WHAT TO WORK ON: Locate the line bearing "Hey everybody. In" in the material below, then reproduce it and each following line up to and including the line bearing "As you can see, now".

DATA UNDER STUDY:
>>>
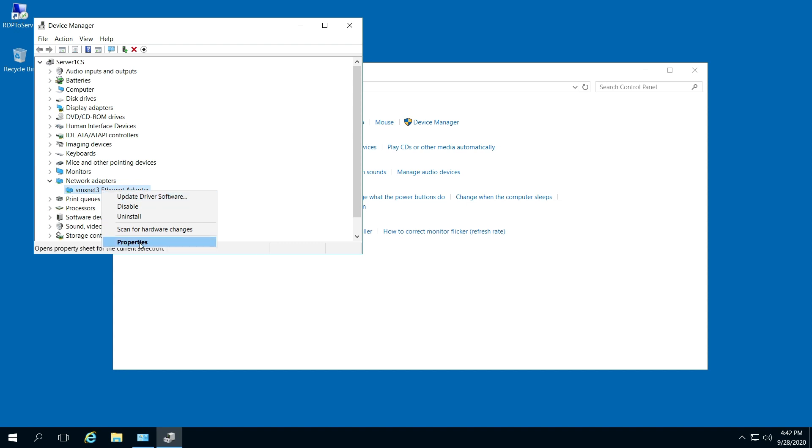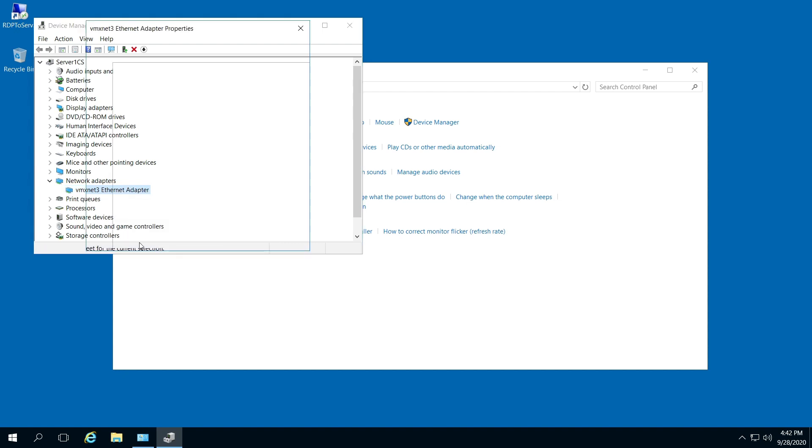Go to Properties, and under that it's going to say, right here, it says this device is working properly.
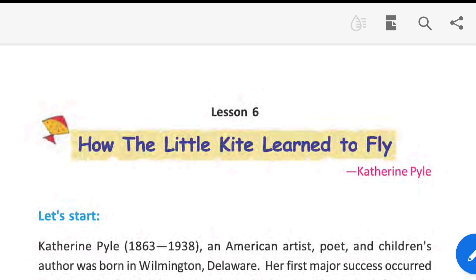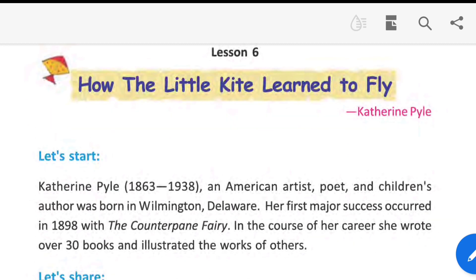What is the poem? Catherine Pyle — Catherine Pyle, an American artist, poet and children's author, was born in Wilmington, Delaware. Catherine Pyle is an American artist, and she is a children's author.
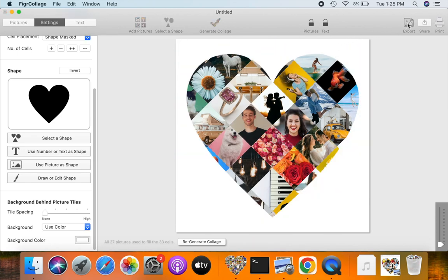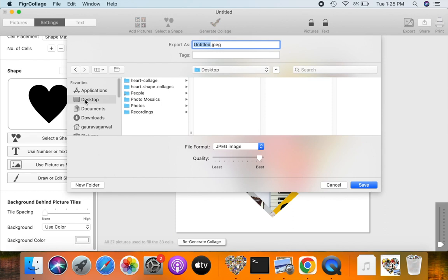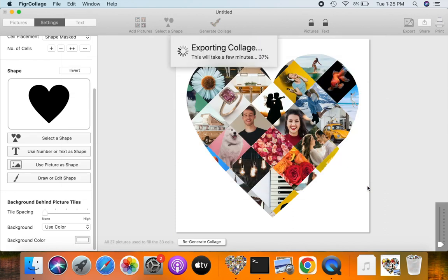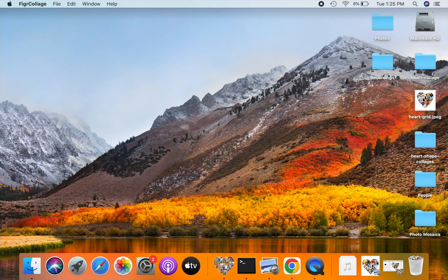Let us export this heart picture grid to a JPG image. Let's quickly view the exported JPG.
<<<
>>>
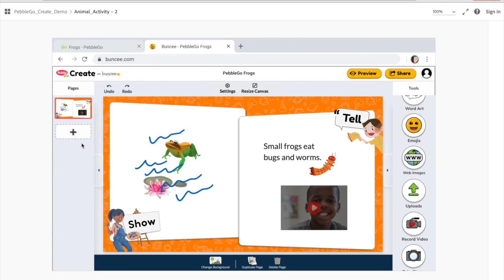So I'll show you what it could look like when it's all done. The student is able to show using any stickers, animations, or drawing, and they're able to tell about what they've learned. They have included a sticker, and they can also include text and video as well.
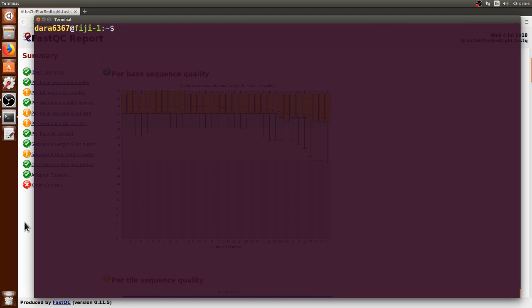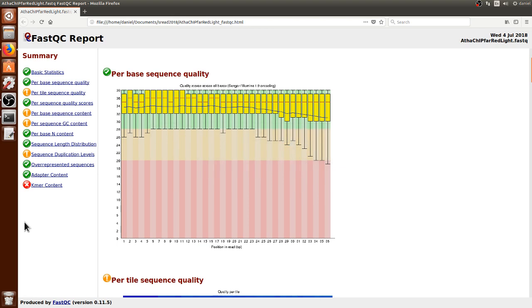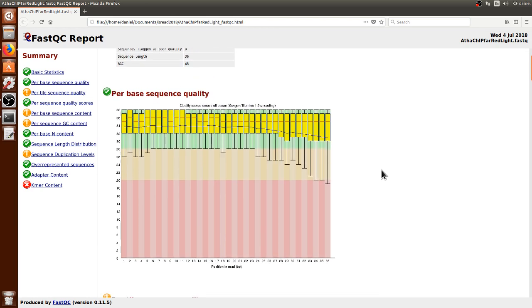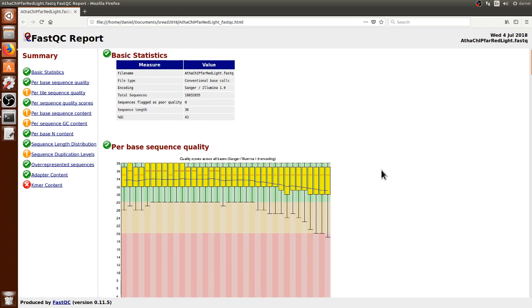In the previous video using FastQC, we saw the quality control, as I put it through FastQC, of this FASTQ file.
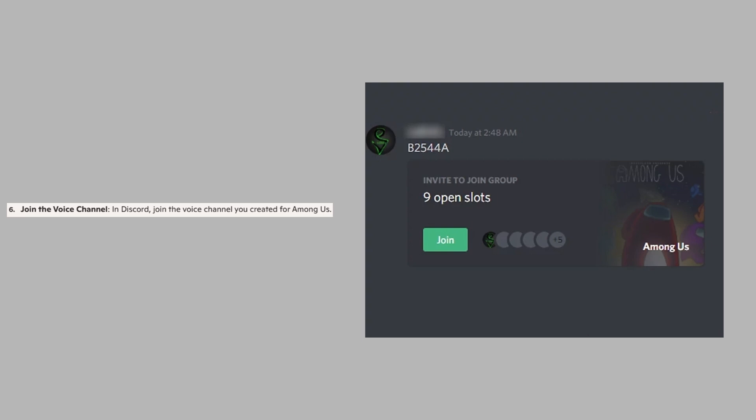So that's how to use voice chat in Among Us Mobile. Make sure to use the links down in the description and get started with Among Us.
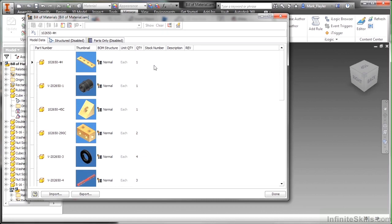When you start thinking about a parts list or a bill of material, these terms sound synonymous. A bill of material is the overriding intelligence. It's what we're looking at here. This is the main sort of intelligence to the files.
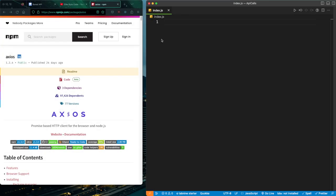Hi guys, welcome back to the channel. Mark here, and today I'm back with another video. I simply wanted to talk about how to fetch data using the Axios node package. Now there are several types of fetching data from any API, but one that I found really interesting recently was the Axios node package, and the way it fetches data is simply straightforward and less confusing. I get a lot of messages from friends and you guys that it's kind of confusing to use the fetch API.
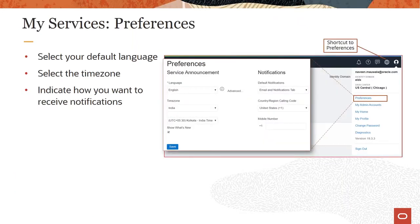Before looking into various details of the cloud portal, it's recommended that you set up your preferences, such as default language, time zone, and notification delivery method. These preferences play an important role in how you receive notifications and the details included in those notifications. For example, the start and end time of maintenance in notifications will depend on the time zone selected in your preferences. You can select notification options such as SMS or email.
<<<
>>>
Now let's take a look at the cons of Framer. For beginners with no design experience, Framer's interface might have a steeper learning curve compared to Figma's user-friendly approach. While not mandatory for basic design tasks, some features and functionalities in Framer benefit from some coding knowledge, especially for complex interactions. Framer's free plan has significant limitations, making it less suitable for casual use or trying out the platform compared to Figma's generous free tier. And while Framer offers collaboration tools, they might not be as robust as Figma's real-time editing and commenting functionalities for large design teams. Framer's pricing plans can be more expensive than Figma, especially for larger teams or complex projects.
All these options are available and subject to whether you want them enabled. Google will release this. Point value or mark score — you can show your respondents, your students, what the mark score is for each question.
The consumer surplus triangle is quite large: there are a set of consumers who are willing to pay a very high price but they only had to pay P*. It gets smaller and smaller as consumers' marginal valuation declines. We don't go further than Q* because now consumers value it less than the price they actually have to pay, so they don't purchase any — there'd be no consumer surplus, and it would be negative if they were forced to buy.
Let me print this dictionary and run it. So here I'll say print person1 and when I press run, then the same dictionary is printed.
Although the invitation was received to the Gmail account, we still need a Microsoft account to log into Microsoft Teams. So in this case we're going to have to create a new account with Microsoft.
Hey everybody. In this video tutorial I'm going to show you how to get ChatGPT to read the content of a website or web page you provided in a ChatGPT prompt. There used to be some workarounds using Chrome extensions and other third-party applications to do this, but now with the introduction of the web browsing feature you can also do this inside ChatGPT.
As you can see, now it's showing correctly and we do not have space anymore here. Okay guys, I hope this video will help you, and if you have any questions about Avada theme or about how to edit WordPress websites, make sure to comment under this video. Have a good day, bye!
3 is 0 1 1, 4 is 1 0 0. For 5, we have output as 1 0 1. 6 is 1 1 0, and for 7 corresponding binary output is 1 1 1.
<<<
SOLUTION TO THE EXERCISE:
Hey everybody. In this video tutorial I'm going to show you how to get ChatGPT to read the content of a website or web page you provided in a ChatGPT prompt. There used to be some workarounds using Chrome extensions and other third-party applications to do this, but now with the introduction of the web browsing feature you can also do this inside ChatGPT.
As you can see, now it's showing correctly and we do not have space anymore here. Okay guys, I hope this video will help you, and if you have any questions about Avada theme or about how to edit WordPress websites, make sure to comment under this video. Have a good day, bye!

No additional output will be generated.